+++ Records supplied +++

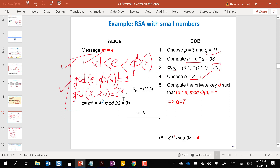You could choose other values of e — 3, 7, 9, 11, 13 and so on — as long as they satisfy the two conditions. Note that 5 would not work here because 5 and 20 share a common factor. We selected 3 to keep it simple. Any valid value that meets the conditions will work.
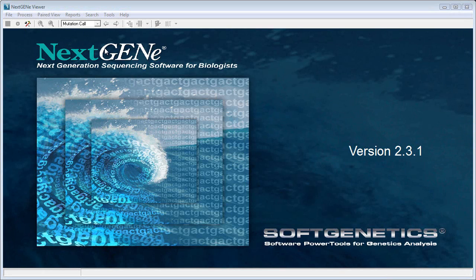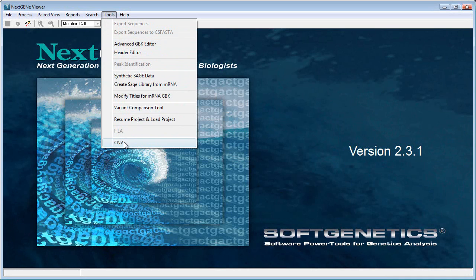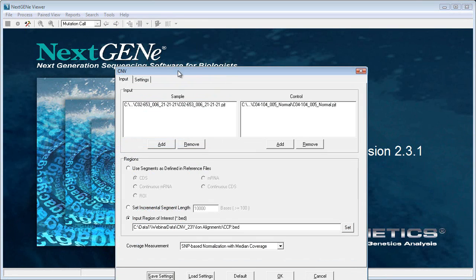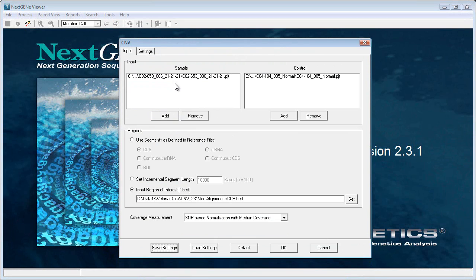In this analysis, I have four different samples, each with two or three replicates, and I also have a normal control sample. I'm going to open the CNV tool from the NexGene Viewer Tools menu. I'm going to load my sample replicates one at a time and compare against that control. Each AmpliSeq file here is actually a NexGene alignment project that has already been run, and I ran all of them with the same settings.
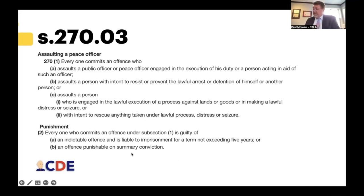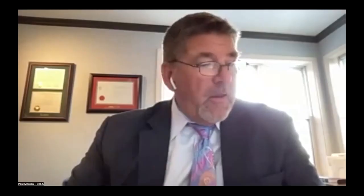Section 270.03 states that a sentence imposed on a person for an offense under sections 270, 270.01, or 270.02 committed against a law enforcement officer as defined shall be served consecutively to any other punishment imposed on the person for an offense arising out of the same event or series of events. So again, this operates to aggravate the sentence through a mandatory consecutive sentence.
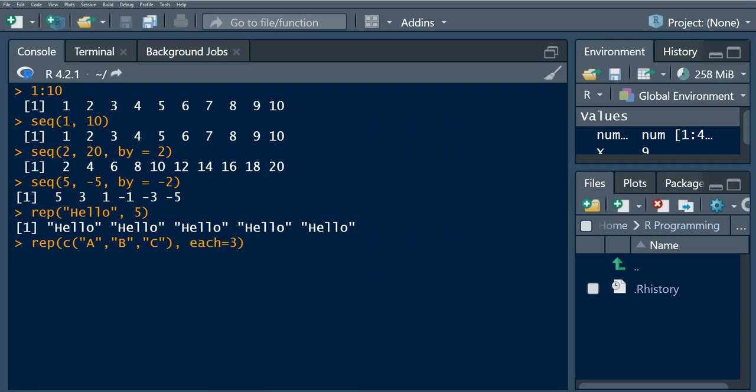Equals three, so what this is going to do is it's going to repeat each element of this vector that we specify here three times. So we specify this additional argument which is each equals to three, so we're gonna.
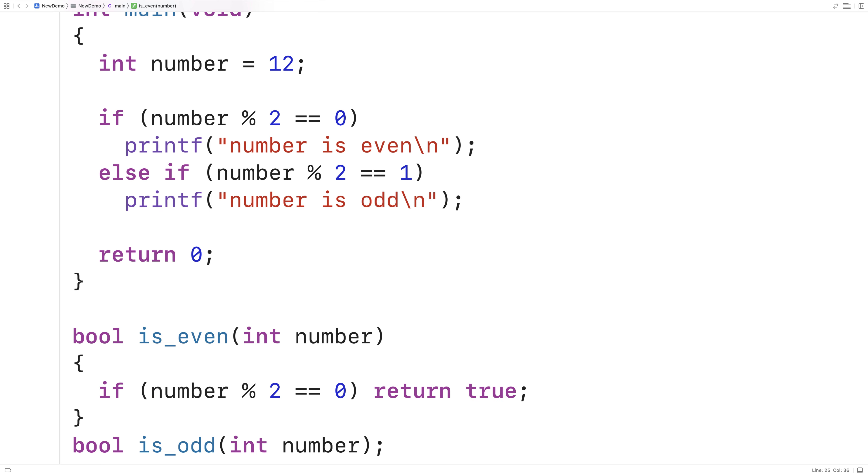Then here for is_odd, I'll do a very similar thing. I'll say if the number modulus 2 is equal to 1, return true, else return false. So we can test these functions up here.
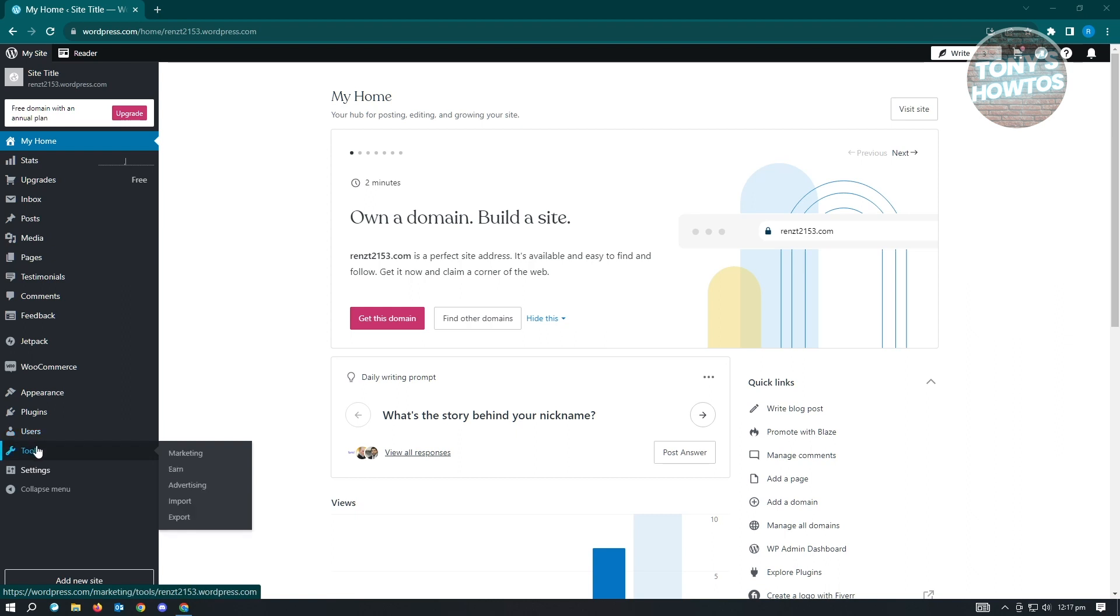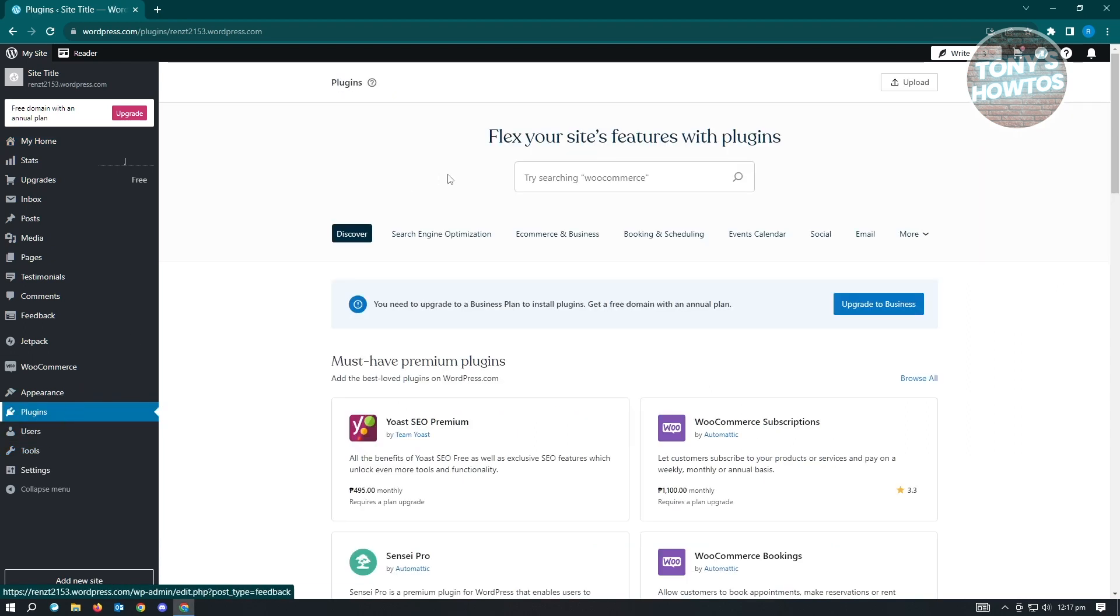So we'll have to use a plugin for this. Don't worry, it's actually pretty easy. You just need to go to Plugins and type in the following.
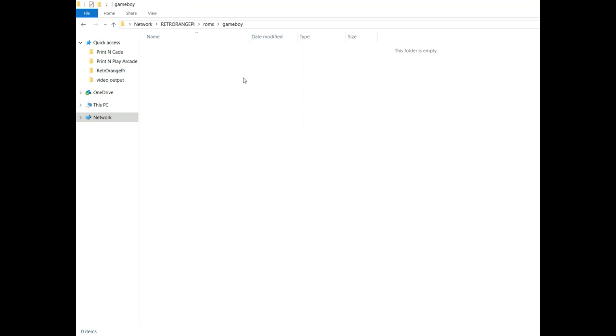But just dropping them into here and then rebooting the box after you've loaded all your ROM files onto it will cause them to show up in the main menu.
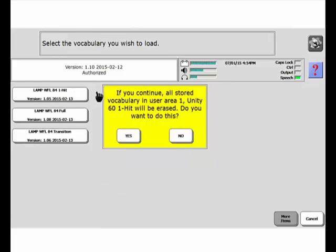It tells me if you want to continue, all stored vocabulary in User Area 1, Unity 60 one-hit, will be erased. Do you want to do this? I'll say yes. I'm not using that vocabulary, I haven't customized it, and I know I could always load it back in.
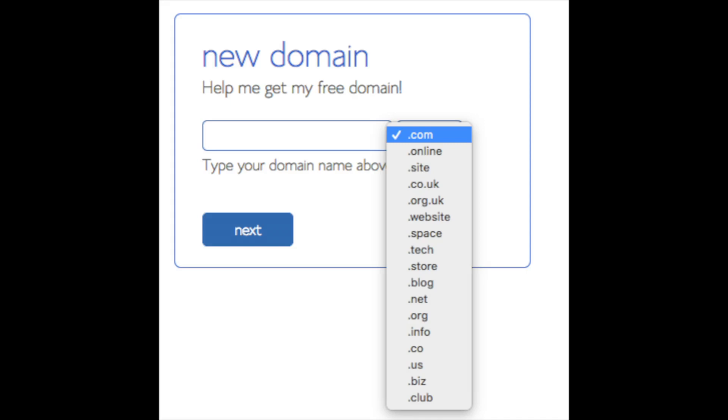For the new domain you can select if you want it to be a .com, .net, .org, etc. .com is the most popular domain extension so I'd recommend going with a .com if you can. I'm going to type in a domain here and click the next button.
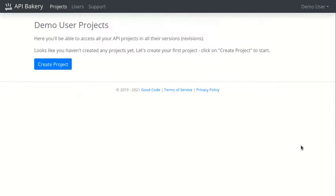Welcome to API Bakery. API Bakery makes it easy to quickly create a new API service. In this video, we'll do a walkthrough and build an API for an example project.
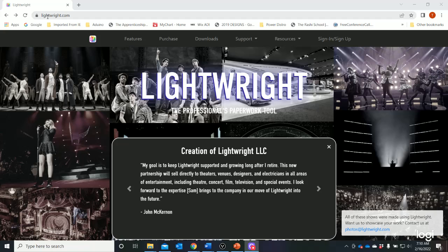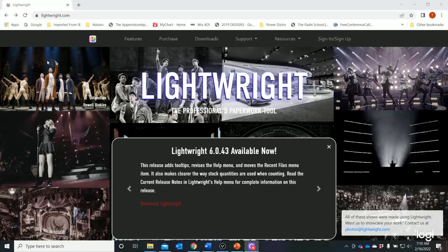You're looking at the Lightwright page right now. It's spelled L-I-G-H-T-W-R-I-G-H-T — Lightwright, all one word — dot com. If you just Google 'Lightwright' it'll pop right up.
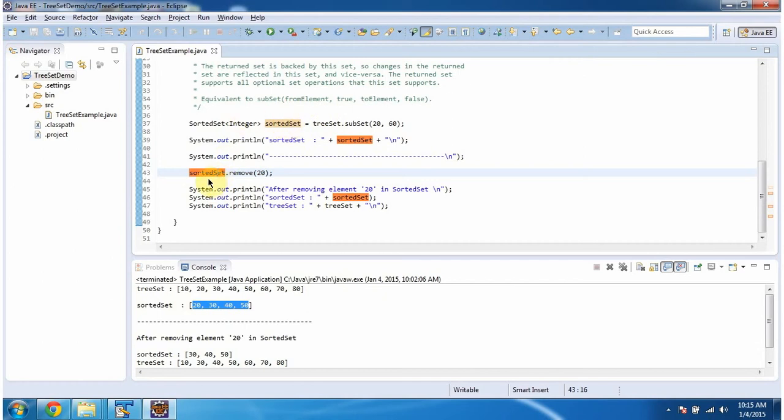And here what I am doing is, I am removing the element 20 from the sorted set. After removing, I am displaying the TreeSet and sorted set content.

+++

What to work on:
Write out nothing but the lines from the one with "But just dropping" through the last line of the entries, exactly as they stand; pictures are not part of the copy.

Task answer:
But just dropping them into here and then rebooting the box after you've loaded all your ROM files onto it will cause them to show up in the main menu.
It tells me if you want to continue, all stored vocabulary in User Area 1, Unity 60 one-hit, will be erased. Do you want to do this? I'll say yes. I'm not using that vocabulary, I haven't customized it, and I know I could always load it back in.
For the new domain you can select if you want it to be a .com, .net, .org, etc. .com is the most popular domain extension so I'd recommend going with a .com if you can. I'm going to type in a domain here and click the next button.
Welcome to API Bakery. API Bakery makes it easy to quickly create a new API service. In this video, we'll do a walkthrough and build an API for an example project.
You're looking at the Lightwright page right now. It's spelled L-I-G-H-T-W-R-I-G-H-T — Lightwright, all one word — dot com. If you just Google 'Lightwright' it'll pop right up.
And here what I am doing is, I am removing the element 20 from the sorted set. After removing, I am displaying the TreeSet and sorted set content.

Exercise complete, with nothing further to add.